Posting Wilbur’s Air Service Command patch got me to go back over the fragments of his war memorabilia to flesh out his service. He was in England from February 1944 to July 1945, rigging parachutes at an Eighth Air Force Liberator base in Norfolk, but we didn’t know where. It now looks like he was (at least for some of the time, and perhaps all of it) at Attlebridge RAF base in Norfolk, home of the 466th Bomb Group: Wilbur’s APO was that for the Air Service Command supporting the Eighth; and his assigned place at least during September to November (and possibly the whole stretch) was the ’472nd Sub-Depot’, which was Attlebridge.
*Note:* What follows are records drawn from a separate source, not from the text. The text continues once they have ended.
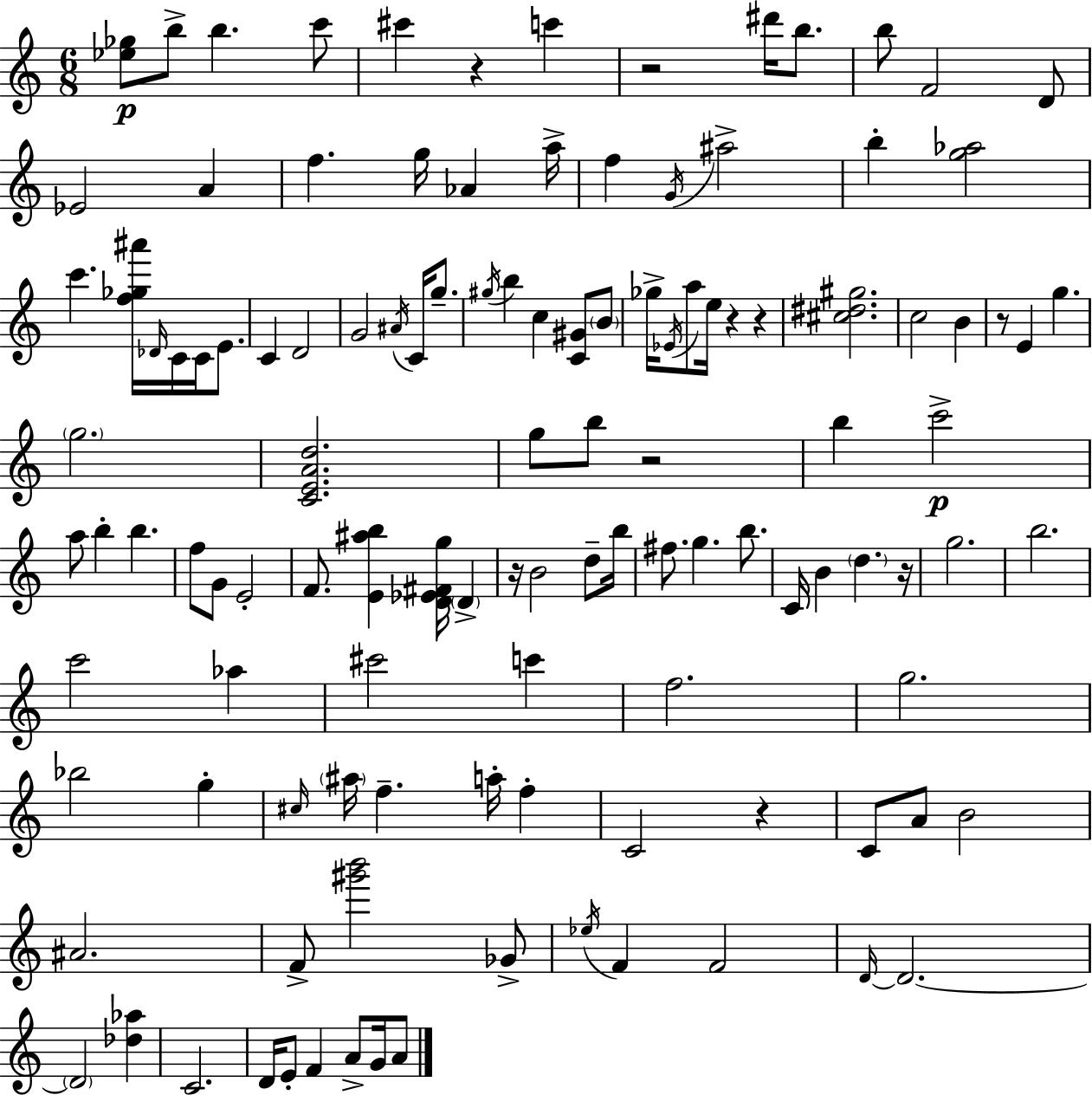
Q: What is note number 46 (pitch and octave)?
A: B5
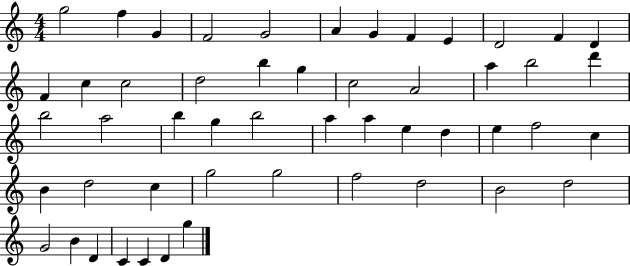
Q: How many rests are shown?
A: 0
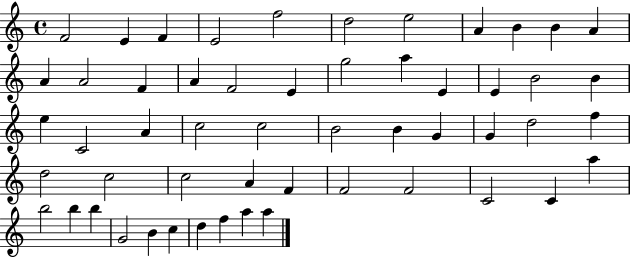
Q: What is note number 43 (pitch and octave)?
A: C4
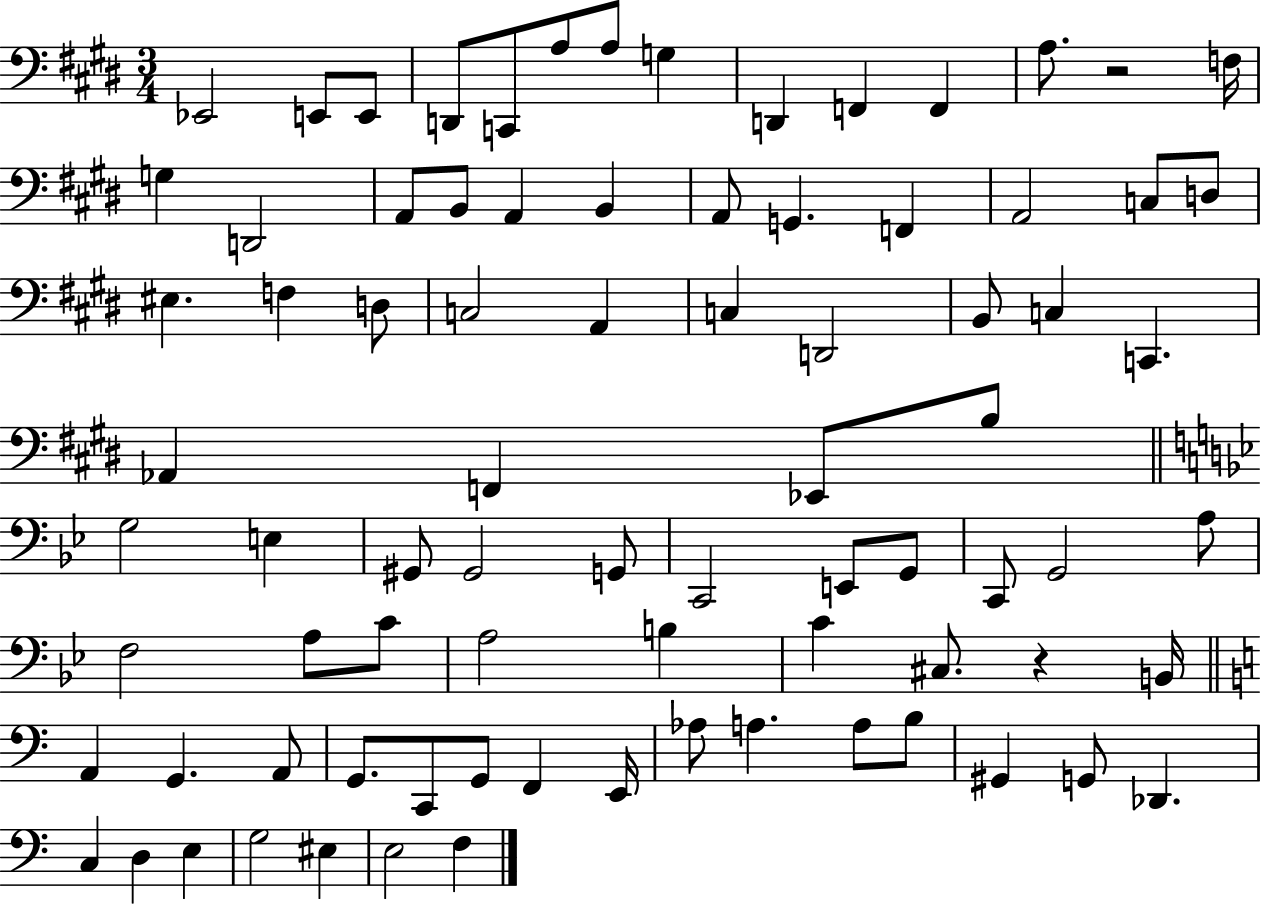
{
  \clef bass
  \numericTimeSignature
  \time 3/4
  \key e \major
  ees,2 e,8 e,8 | d,8 c,8 a8 a8 g4 | d,4 f,4 f,4 | a8. r2 f16 | \break g4 d,2 | a,8 b,8 a,4 b,4 | a,8 g,4. f,4 | a,2 c8 d8 | \break eis4. f4 d8 | c2 a,4 | c4 d,2 | b,8 c4 c,4. | \break aes,4 f,4 ees,8 b8 | \bar "||" \break \key g \minor g2 e4 | gis,8 gis,2 g,8 | c,2 e,8 g,8 | c,8 g,2 a8 | \break f2 a8 c'8 | a2 b4 | c'4 cis8. r4 b,16 | \bar "||" \break \key a \minor a,4 g,4. a,8 | g,8. c,8 g,8 f,4 e,16 | aes8 a4. a8 b8 | gis,4 g,8 des,4. | \break c4 d4 e4 | g2 eis4 | e2 f4 | \bar "|."
}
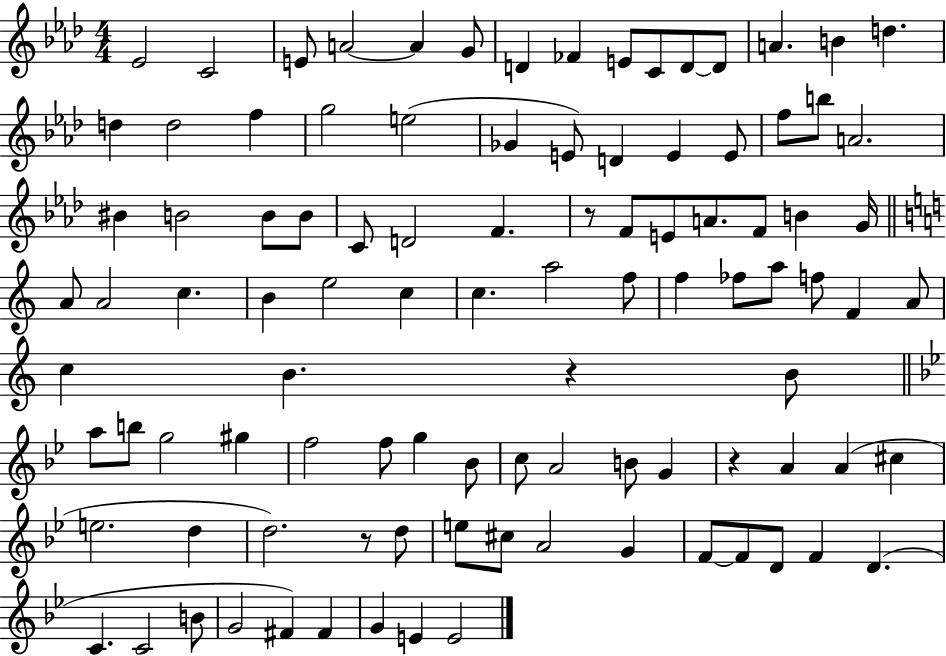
X:1
T:Untitled
M:4/4
L:1/4
K:Ab
_E2 C2 E/2 A2 A G/2 D _F E/2 C/2 D/2 D/2 A B d d d2 f g2 e2 _G E/2 D E E/2 f/2 b/2 A2 ^B B2 B/2 B/2 C/2 D2 F z/2 F/2 E/2 A/2 F/2 B G/4 A/2 A2 c B e2 c c a2 f/2 f _f/2 a/2 f/2 F A/2 c B z B/2 a/2 b/2 g2 ^g f2 f/2 g _B/2 c/2 A2 B/2 G z A A ^c e2 d d2 z/2 d/2 e/2 ^c/2 A2 G F/2 F/2 D/2 F D C C2 B/2 G2 ^F ^F G E E2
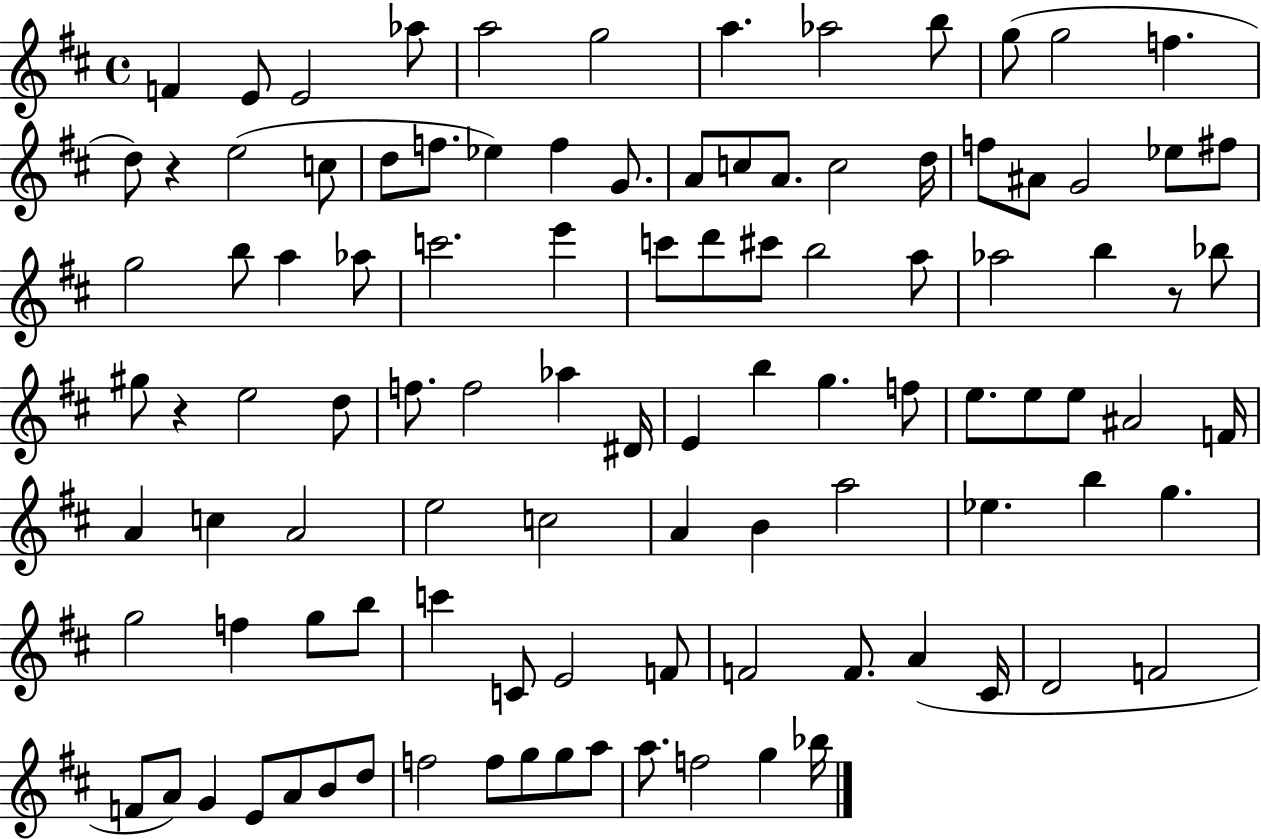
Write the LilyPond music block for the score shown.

{
  \clef treble
  \time 4/4
  \defaultTimeSignature
  \key d \major
  f'4 e'8 e'2 aes''8 | a''2 g''2 | a''4. aes''2 b''8 | g''8( g''2 f''4. | \break d''8) r4 e''2( c''8 | d''8 f''8. ees''4) f''4 g'8. | a'8 c''8 a'8. c''2 d''16 | f''8 ais'8 g'2 ees''8 fis''8 | \break g''2 b''8 a''4 aes''8 | c'''2. e'''4 | c'''8 d'''8 cis'''8 b''2 a''8 | aes''2 b''4 r8 bes''8 | \break gis''8 r4 e''2 d''8 | f''8. f''2 aes''4 dis'16 | e'4 b''4 g''4. f''8 | e''8. e''8 e''8 ais'2 f'16 | \break a'4 c''4 a'2 | e''2 c''2 | a'4 b'4 a''2 | ees''4. b''4 g''4. | \break g''2 f''4 g''8 b''8 | c'''4 c'8 e'2 f'8 | f'2 f'8. a'4( cis'16 | d'2 f'2 | \break f'8 a'8) g'4 e'8 a'8 b'8 d''8 | f''2 f''8 g''8 g''8 a''8 | a''8. f''2 g''4 bes''16 | \bar "|."
}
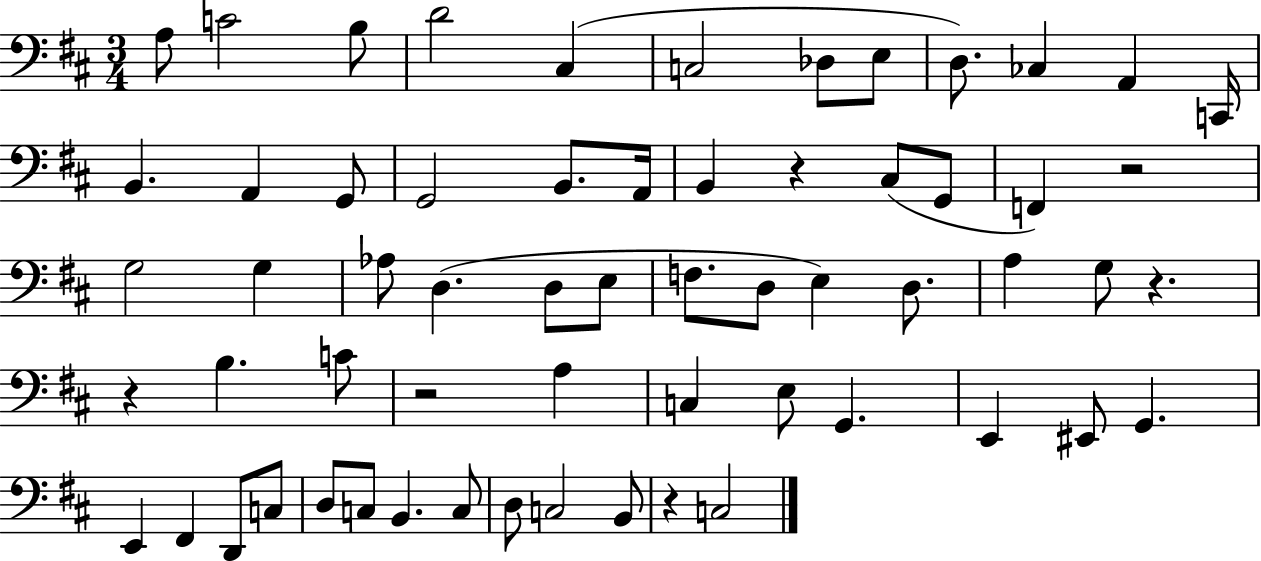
{
  \clef bass
  \numericTimeSignature
  \time 3/4
  \key d \major
  a8 c'2 b8 | d'2 cis4( | c2 des8 e8 | d8.) ces4 a,4 c,16 | \break b,4. a,4 g,8 | g,2 b,8. a,16 | b,4 r4 cis8( g,8 | f,4) r2 | \break g2 g4 | aes8 d4.( d8 e8 | f8. d8 e4) d8. | a4 g8 r4. | \break r4 b4. c'8 | r2 a4 | c4 e8 g,4. | e,4 eis,8 g,4. | \break e,4 fis,4 d,8 c8 | d8 c8 b,4. c8 | d8 c2 b,8 | r4 c2 | \break \bar "|."
}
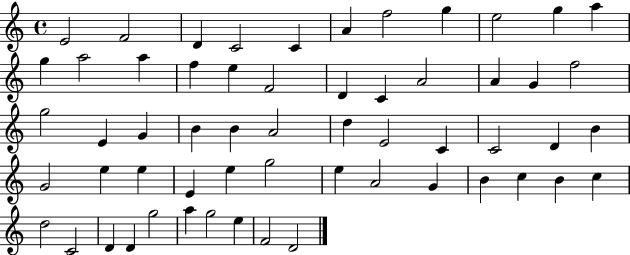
E4/h F4/h D4/q C4/h C4/q A4/q F5/h G5/q E5/h G5/q A5/q G5/q A5/h A5/q F5/q E5/q F4/h D4/q C4/q A4/h A4/q G4/q F5/h G5/h E4/q G4/q B4/q B4/q A4/h D5/q E4/h C4/q C4/h D4/q B4/q G4/h E5/q E5/q E4/q E5/q G5/h E5/q A4/h G4/q B4/q C5/q B4/q C5/q D5/h C4/h D4/q D4/q G5/h A5/q G5/h E5/q F4/h D4/h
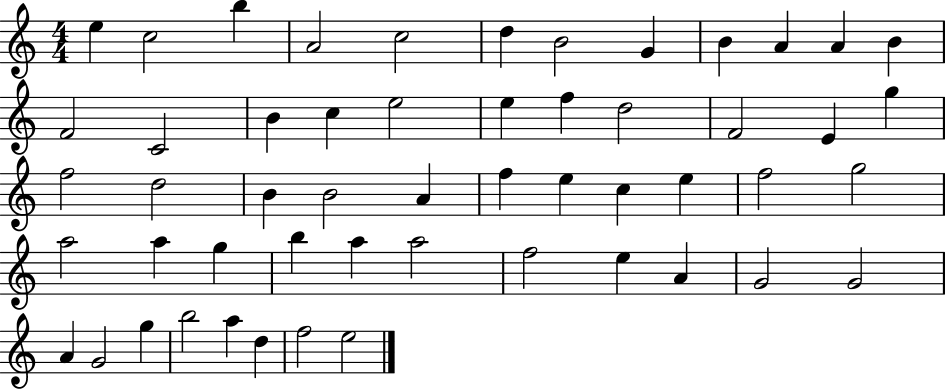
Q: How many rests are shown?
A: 0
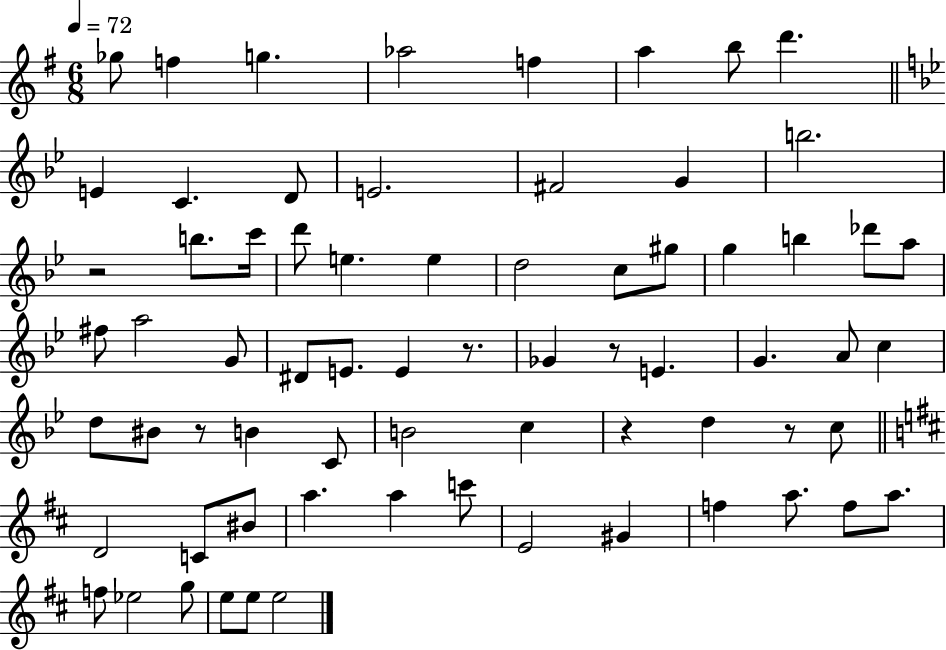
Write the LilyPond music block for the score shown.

{
  \clef treble
  \numericTimeSignature
  \time 6/8
  \key g \major
  \tempo 4 = 72
  \repeat volta 2 { ges''8 f''4 g''4. | aes''2 f''4 | a''4 b''8 d'''4. | \bar "||" \break \key bes \major e'4 c'4. d'8 | e'2. | fis'2 g'4 | b''2. | \break r2 b''8. c'''16 | d'''8 e''4. e''4 | d''2 c''8 gis''8 | g''4 b''4 des'''8 a''8 | \break fis''8 a''2 g'8 | dis'8 e'8. e'4 r8. | ges'4 r8 e'4. | g'4. a'8 c''4 | \break d''8 bis'8 r8 b'4 c'8 | b'2 c''4 | r4 d''4 r8 c''8 | \bar "||" \break \key d \major d'2 c'8 bis'8 | a''4. a''4 c'''8 | e'2 gis'4 | f''4 a''8. f''8 a''8. | \break f''8 ees''2 g''8 | e''8 e''8 e''2 | } \bar "|."
}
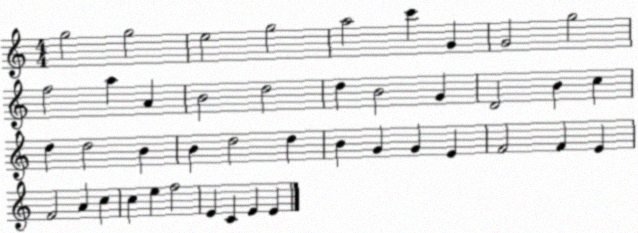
X:1
T:Untitled
M:4/4
L:1/4
K:C
g2 g2 e2 g2 a2 c' G G2 g2 f2 a A B2 d2 d B2 G D2 B c d d2 B B d2 d B G G E F2 F E F2 A c c e f2 E C E E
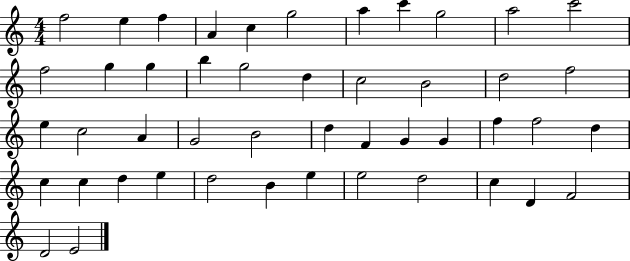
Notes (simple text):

F5/h E5/q F5/q A4/q C5/q G5/h A5/q C6/q G5/h A5/h C6/h F5/h G5/q G5/q B5/q G5/h D5/q C5/h B4/h D5/h F5/h E5/q C5/h A4/q G4/h B4/h D5/q F4/q G4/q G4/q F5/q F5/h D5/q C5/q C5/q D5/q E5/q D5/h B4/q E5/q E5/h D5/h C5/q D4/q F4/h D4/h E4/h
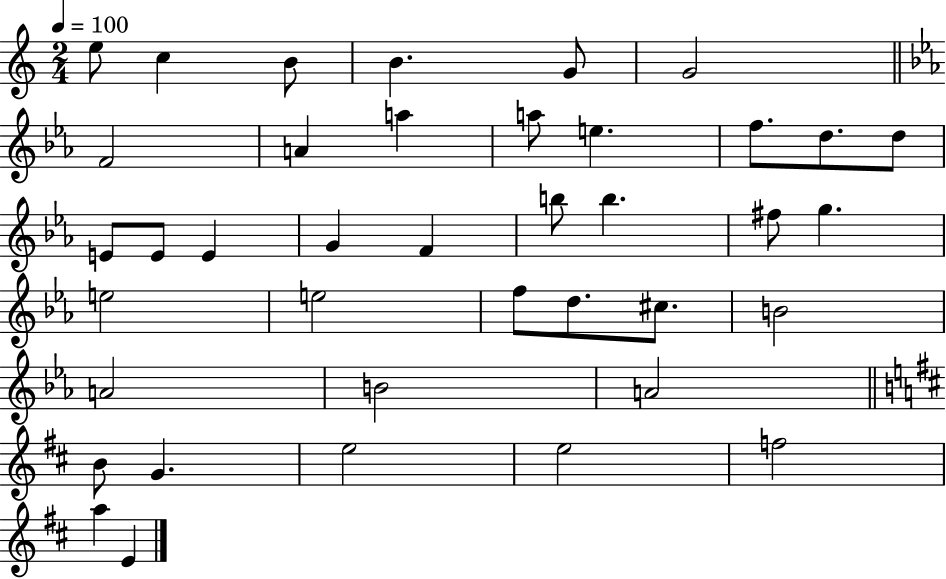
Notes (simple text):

E5/e C5/q B4/e B4/q. G4/e G4/h F4/h A4/q A5/q A5/e E5/q. F5/e. D5/e. D5/e E4/e E4/e E4/q G4/q F4/q B5/e B5/q. F#5/e G5/q. E5/h E5/h F5/e D5/e. C#5/e. B4/h A4/h B4/h A4/h B4/e G4/q. E5/h E5/h F5/h A5/q E4/q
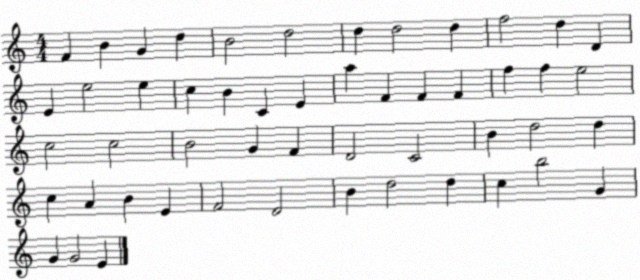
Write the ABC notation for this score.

X:1
T:Untitled
M:4/4
L:1/4
K:C
F B G d B2 d2 d d2 d f2 d D E e2 e c B C E a F F F f f e2 c2 c2 B2 G F D2 C2 B d2 d c A B E F2 D2 B d2 d c b2 G G G2 E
Wilbur’s snapshots of the depot include two identifiable B-24s from the 466th, and he kept a note of appreciation signed by various comrades including one pilot of the 466th, Capt. Francis Bell, who had hit the silk after a disastrous midair collision on 16 September 1944.
Another mystery in Wilbur’s effects is a sketch and colored illustration which seems reminiscent of aircraft nose art, complete with a vivacious lady and an evocative name. Here she is, the ‘Scrubbed Goose’ [NSFW after jump]:
Unfortunately, no real aircraft named ‘Scrubbed Goose’ has yet been found, either in the 466th or anywhere in the Eighth. I wondered: is the art original? Wilbur’s pencil sketch (on tracing paper) shows an earlier stage of the composition:
In this sketch the figure is already carefully finished (she herself may have been traced from somewhere else), but the tub is shallower. Most interestingly, the name is at the left, plotted out in larger letters on a circular arc (very faint–erased). Wilbur subsequently moved the name to the tub for the colored version, deepening it in the process (in the final version, her bottom isn’t sitting on the tub floor anymore, but you hardly notice it). This shows that Wilbur was thinking about it seriously as a composition, and the colored version is carefully finished with pastel or pastel pencils. In most real nose art, though, it looks as if the name is separate from the figure for better legibility (as in the sketch). And nothing on a plane (that I’ve ever seen from photos) used this level of color gradation, shading, and line detail. But with the name and the figure it’s hard to see this as anything other than an aircraft name & genie.
So, I don’t know if chute shop guys ever got involved in painting aircraft, but Wilbur’s artistic experience (and talent in the way of pinups) was probably known to the airmen: someone mentioned it on the note signed by Capt. Bell. So maybe he did get involved in ideas for a nose even if this gal never made it onto a bomber.
Or maybe she was always just Wilbur’s private tribute to the spirit of the Eighth?